Published on the 24/07/2025 | Written by Heather Wright

When the chips are down…
A London Economics International report has poo-pooed projected data centre growth – and by extension panic about forecasts of aggregated electricity demand growth reported by the US power industry.
The report, which London Economics says is a ‘sanity check’, says high level forecasts for data centre growth, and the accompanying electricity demands, are ‘not credible’. Its independent research suggests the projections touted about US data centre growth (yes, the report is US based) and the electricity which will be required to power AI, are most likely overinflated, with uncertainty and ‘upward bias’ inherent in data centre electricity demand projections.

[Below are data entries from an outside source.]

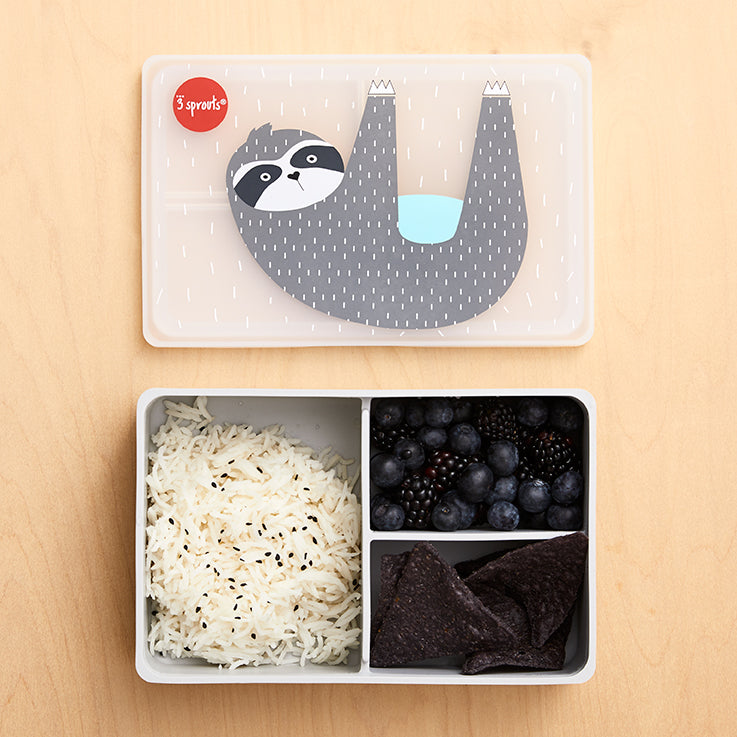 https://www.3sprouts.com/cdn/shop/products/SBSLO_3Sprouts_Silicone_Bento_Box_Sloth_Lifestyle_1.jpg?v=1672025585&width=1445
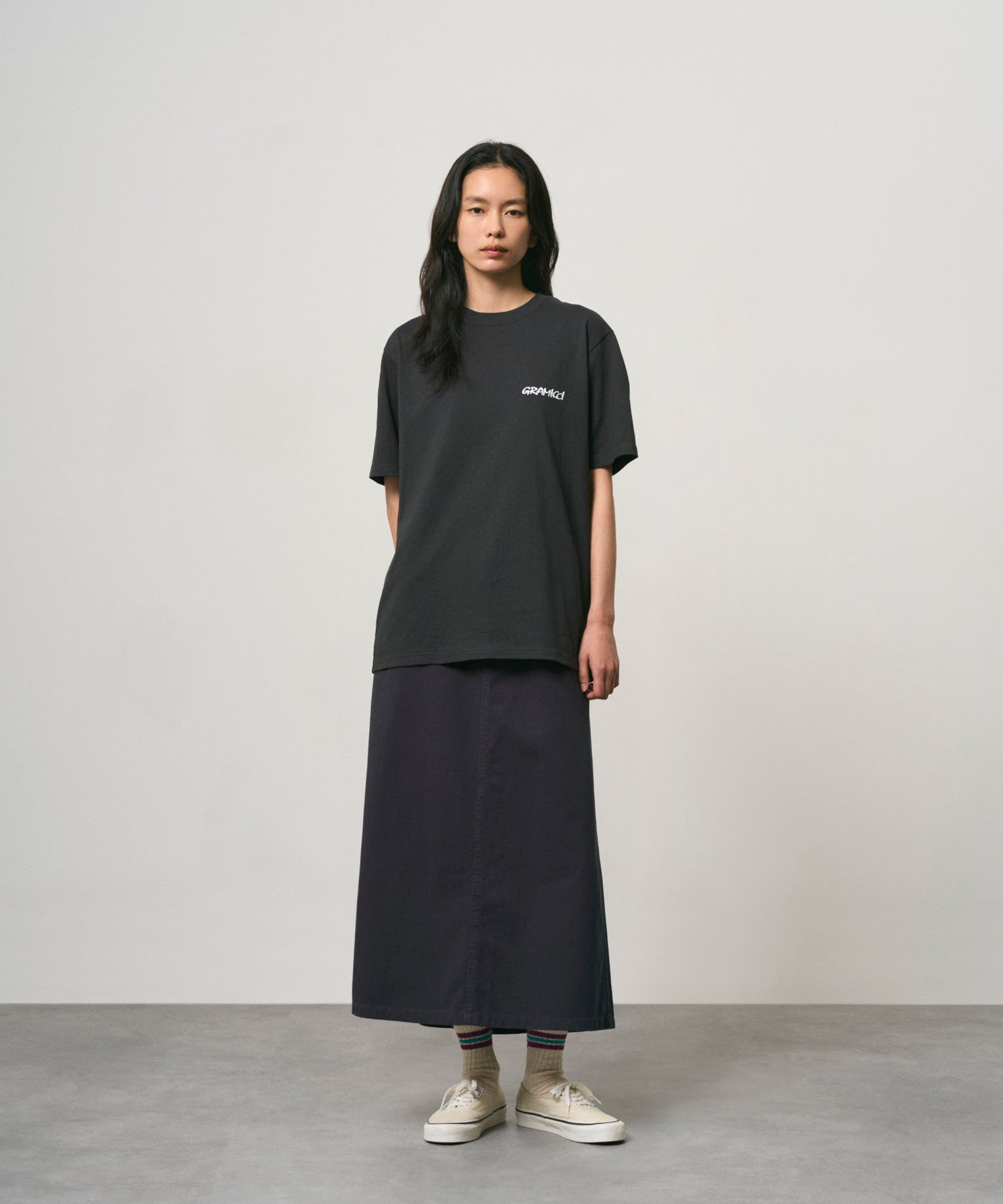 G6FM-T080_VINTAGEBLACK_fitting_W2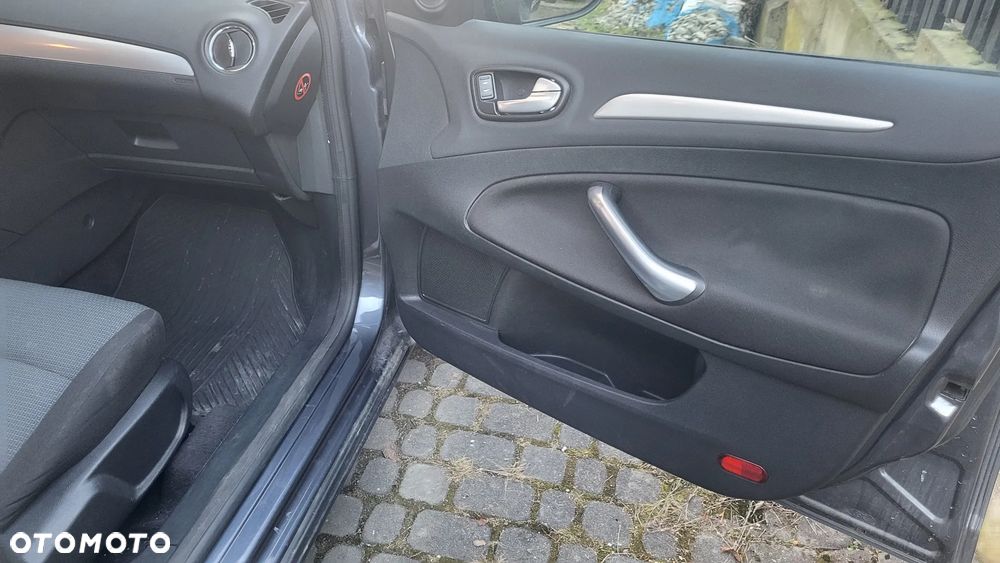 Ford Mondeo 2.0 Titanium - 13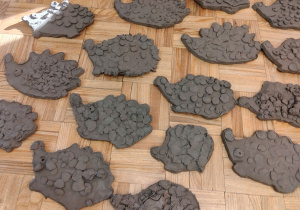 Jeże wykonane przez przedszkolaki.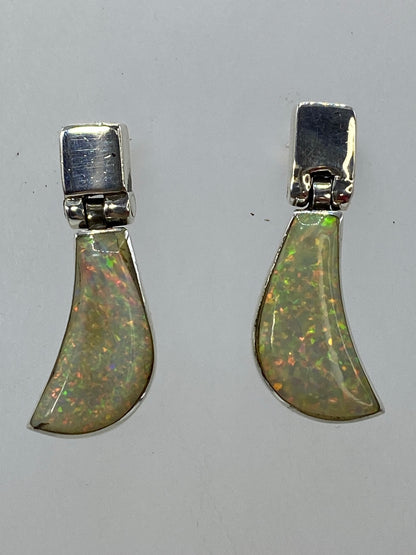Par de aretes de plata con ópalo de fuego multicolor en tonos verdes, naranjas y rojos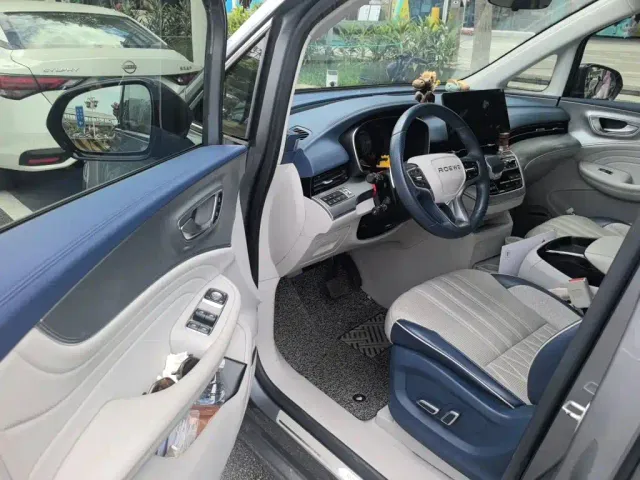 Roewe iMAX8 — Фото автомобиля 13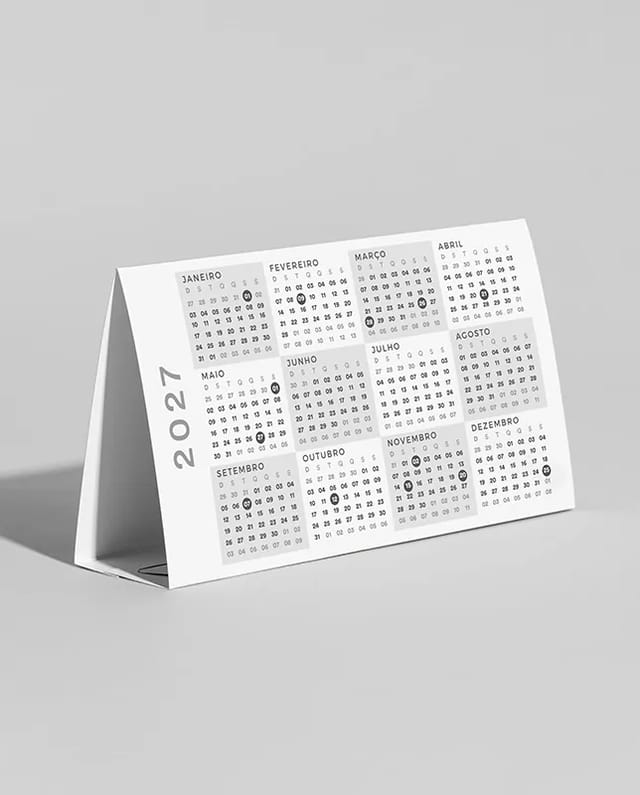 Display de Mesa com Calendário 2027: funcional e personalizável, organiza seu dia com estilo e adiciona charme à sua mesa.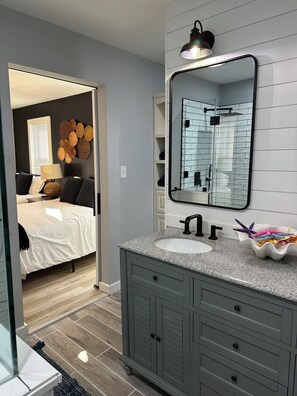 Shower, hair dryer, towels, soap - Mini gold and pool spacious 3 level floor home for 14 people (Raleigh)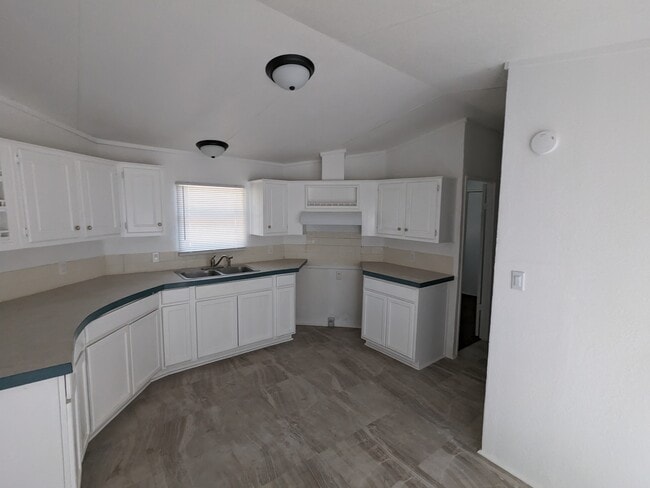 Building Photo - 103 Cardinal Ln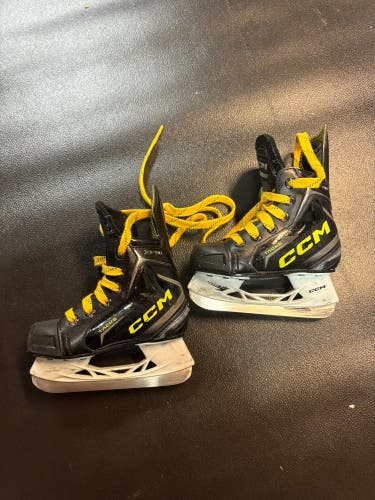 CCM Tacks XF 80 Hockey Skates 9 (Used)
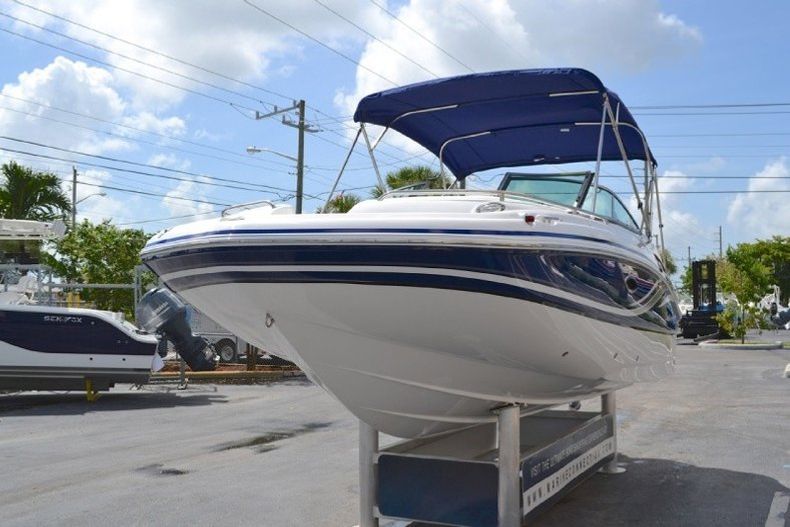 Thumbnail 5 for New 2013 Hurricane SunDeck SD 2000 OB boat for sale in West Palm Beach, FL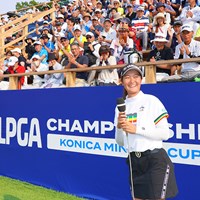インタビューはもちろんトレードマークの笑顔で。 2023年 日本女子プロゴルフ選手権大会コニカミノルタ杯 最終日 神谷そら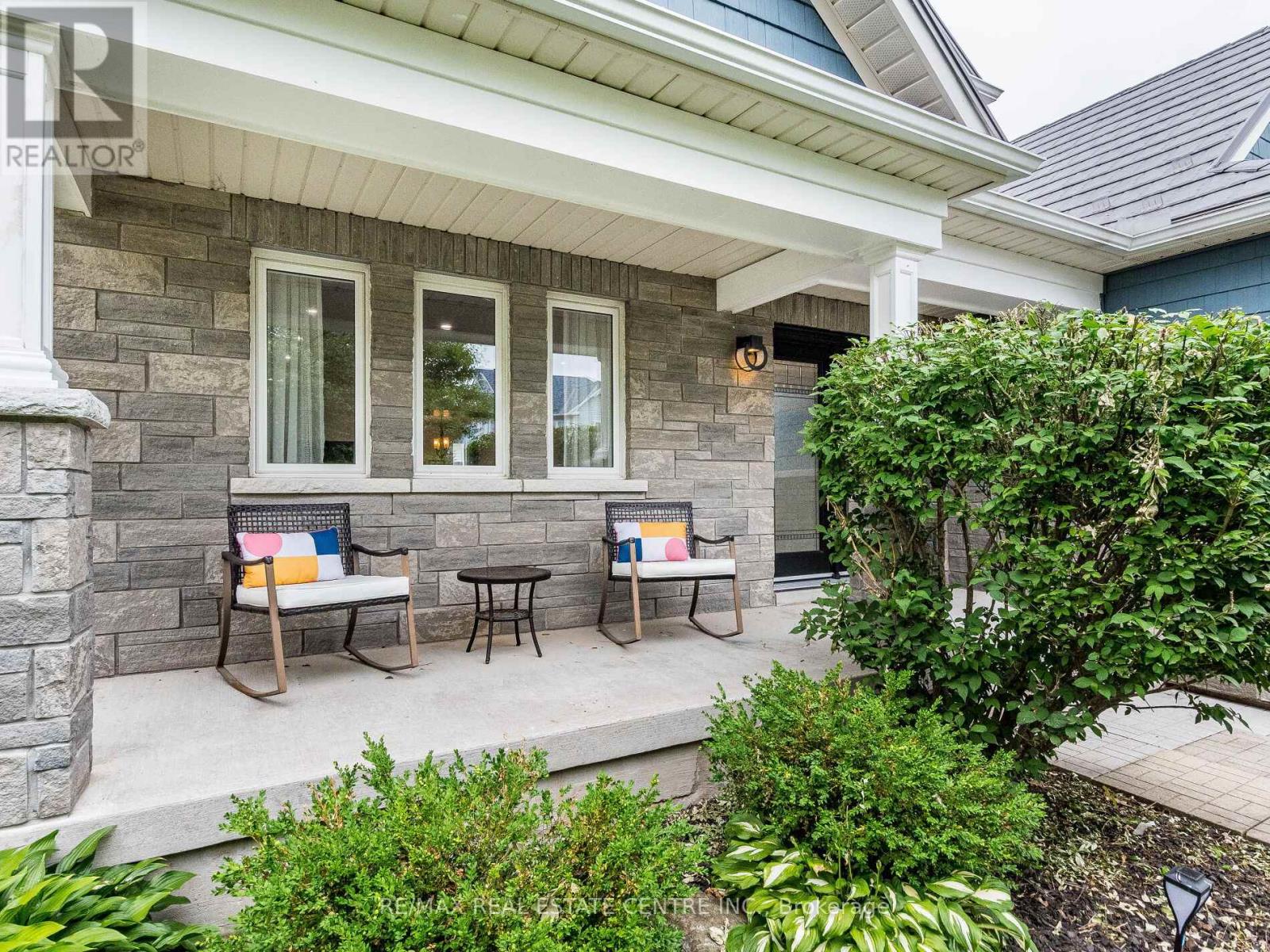42 Somerville Road, Halton Hills, Ontario  L7J 3A1 - Photo 6 - W12436141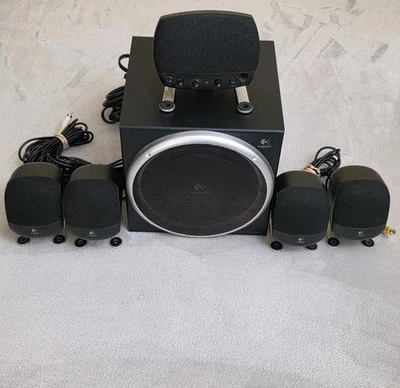 Logitech Z-640 Dolby 5.1 Surround Sound System Lautsprecher Subwoofer PC Videospiel - Bild 1 von 4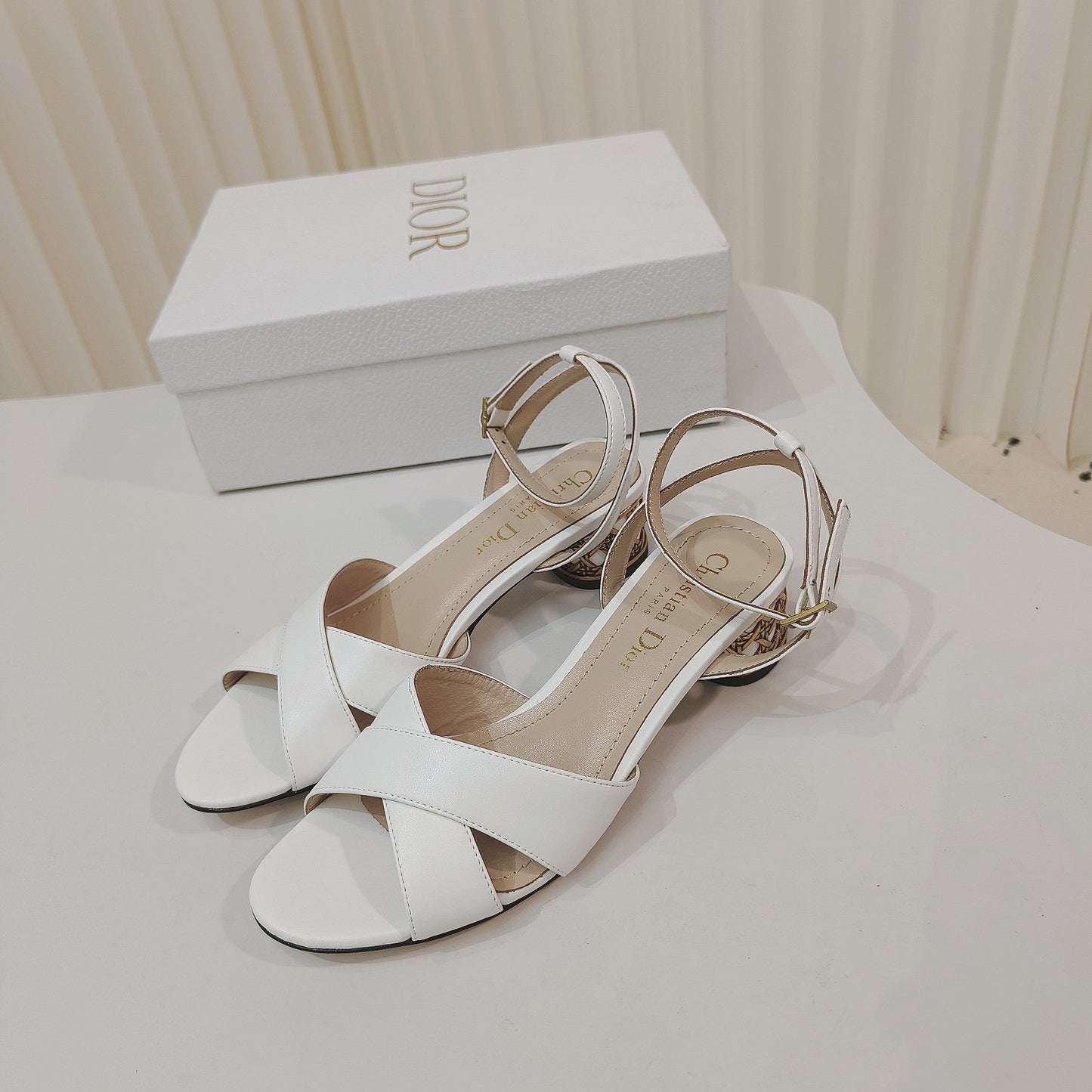 CD 26s Criss-Cross Strap Sandals 4cm Tan Leather 927496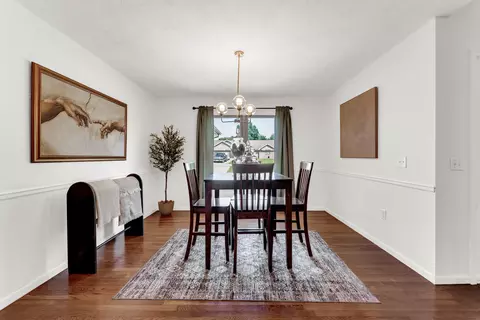 Dining - 211 S Oak Grove St, Marshfield, MO 65706 photo 1 of 2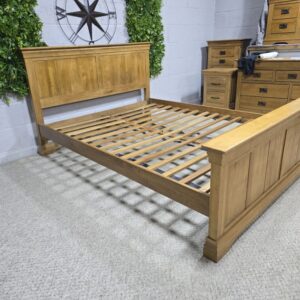 Explore the timeless quality of the Oak Furniture Land French Farmhouse Rustic Solid Oak King-Size Bed, now available second hand at DecorDeluxe.club. Save over 60% on this premium piece. Explore the timeless quality of the Oak Furniture Land French Farmhouse Rustic Solid Oak King-Size Bed, now available second hand at DecorDeluxe.club. Save over 60% on this premium piece.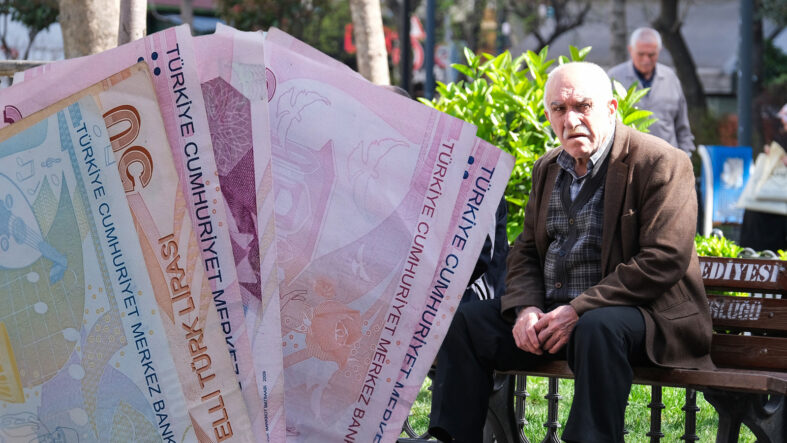 emekli-olup-calisanlar-icin-emsal-karar-yillik-izin-hesabi-degisti.jpg
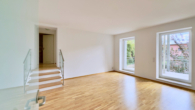 01_Wohnbereich_mit_Split-Level - Ruhig wohnen, zentral leben – 4 Zimmer mit Charakter, großem Balkon & Stellplatz im Innenhof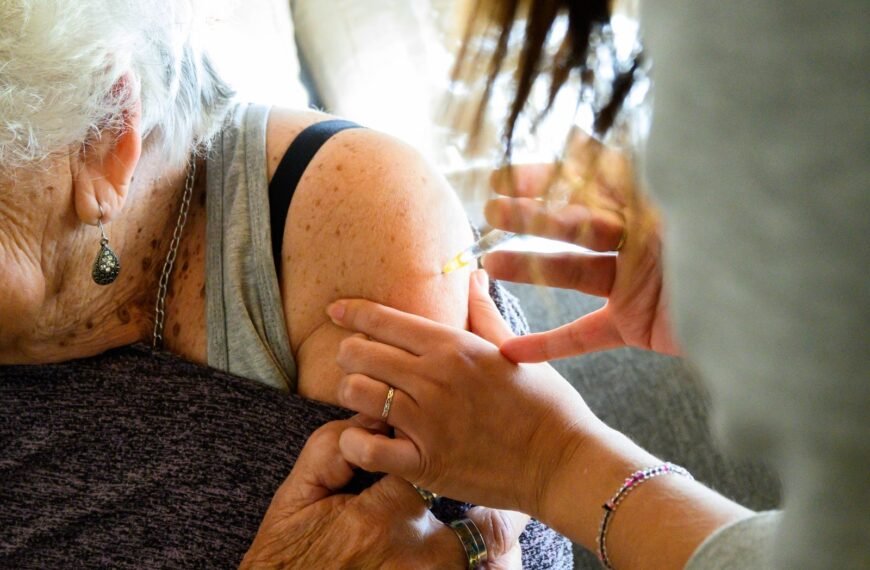 Comenzó la vacunación domiciliaria para personas con movilidad reducida
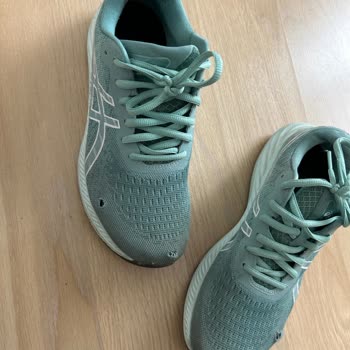 Asics Marka Ayakkabım Yırtıldı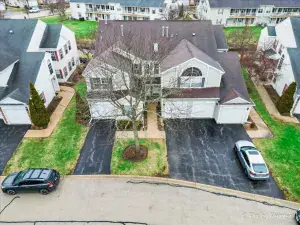 1795 MARQUETTE Lane Hoffman Estates IL 60169 MLS #MRD12498364 60 broker reciprocity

“This is simply unlikely to occur.”
Key to the issue is that there simply aren’t enough chips globally to support the projected growth of US data centres.
The power ramifications of data centre build outs particularly in the face of AI demand, and ‘power congestion’ from data centres clustering together, have been a big concern for many power companies globally, leading to a rush to add energy resources – impacting power pricing for many as those rising levels of investment in the network bite.
Exacerbating the issue are AI models, which are typically much more energy-intensive than the more traditional data retrieval, streaming and communications apps that drove data centre growth over the past 20 years. The Electric Power Research Institute said earlier this year that while AI applications are estimated to use 10-20 percent of data centre electricity, that percentage is growing rapidly.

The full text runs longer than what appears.